To ensure that all appropriate state and federal courts, officials, and parties shall have an adequate opportunity to review and resolve legal and factual issues concerning an impending execution, the Court of Criminal Appeals has adopted Miscellaneous Rule 08-101, effective Monday, June 23, 2008. This rule is modeled upon an analogous rule adopted by the Fifth Circuit Court of Appeals, and its text follows.
Miscellaneous Rule 08-101
Procedures in death penalty cases involving requests for stay of execution and related filings in Texas state trial courts and the Court of Criminal Appeals:
Time requirements for habeas petitions or other motions. Inmates sentenced to death who seek a stay of execution or who wish to file a subsequent writ application or other motion seeking any affirmative relief from, or relating to, a death sentence must exercise reasonable diligence in timely filing such requests. A motion for stay of execution, or any other motion relating to a death sentence, shall be deemed untimely if it is filed less than 48 hours before 6:00 p.m. on the scheduled execution date. Thus, a request for a stay of execution filed at 7:00 p.m. on a Monday evening when an execution is scheduled on Wednesday at 6:00 p.m. is untimely.
Special requirements for untimely petitions or other motions. Counsel who seek to file an untimely motion for a stay of execution or who wish to file any other untimely motion requesting affirmative relief in an impending execution case must attach to the proposed filing a detailed explanation stating under oath, subject to the penalties of perjury, the reason for the delay and why counsel found it physically, legally, or factually impossible to file a timely request or motion.
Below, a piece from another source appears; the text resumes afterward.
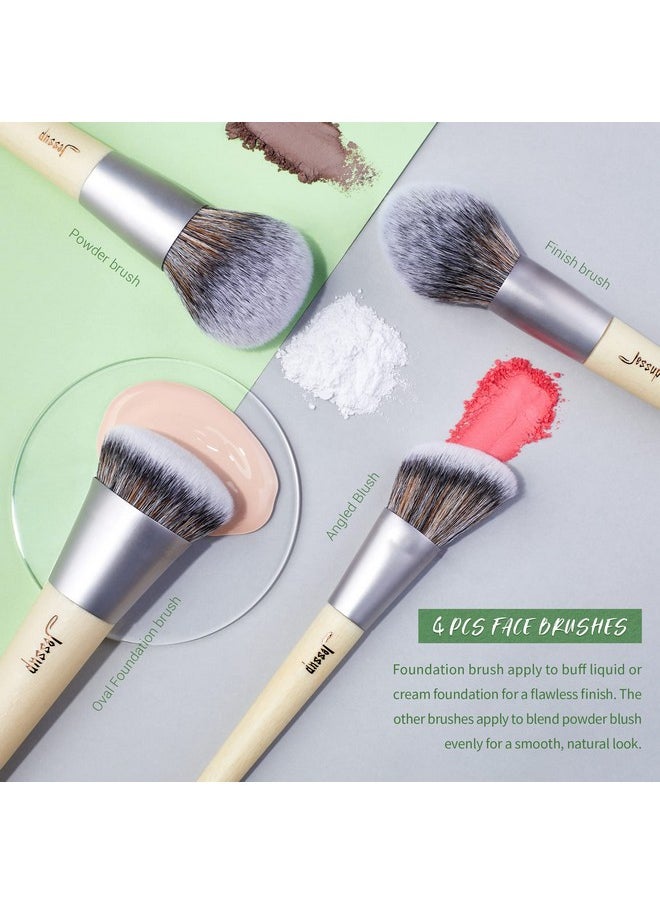 Vegan Makeup Brushes Set Premium Synthetic Powder Foundation Highlight Concealer Eyeshadow Blending Eyebrow Liner Spoolie Brush Set Burlywood 12Pcs T327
Counsel is required to show good cause for the untimely filing.
Sanctions. Counsel who fails to attach a sworn detailed explanation to an untimely filing or who fails to adequately justify the necessity for an untimely filing shall be sanctioned. Such sanctions include but are not limited to: 1) referral to the Chief Disciplinary Counsel of the State Bar of Texas; 2) contempt of court; 3) removal from the list of Tex. Code Crim. Proc. Art. 11.071 list of attorneys; 4) restitution of costs incurred by the opposing party; and (5) any other sanction allowable under Tex. R. Civ. P. 215.2.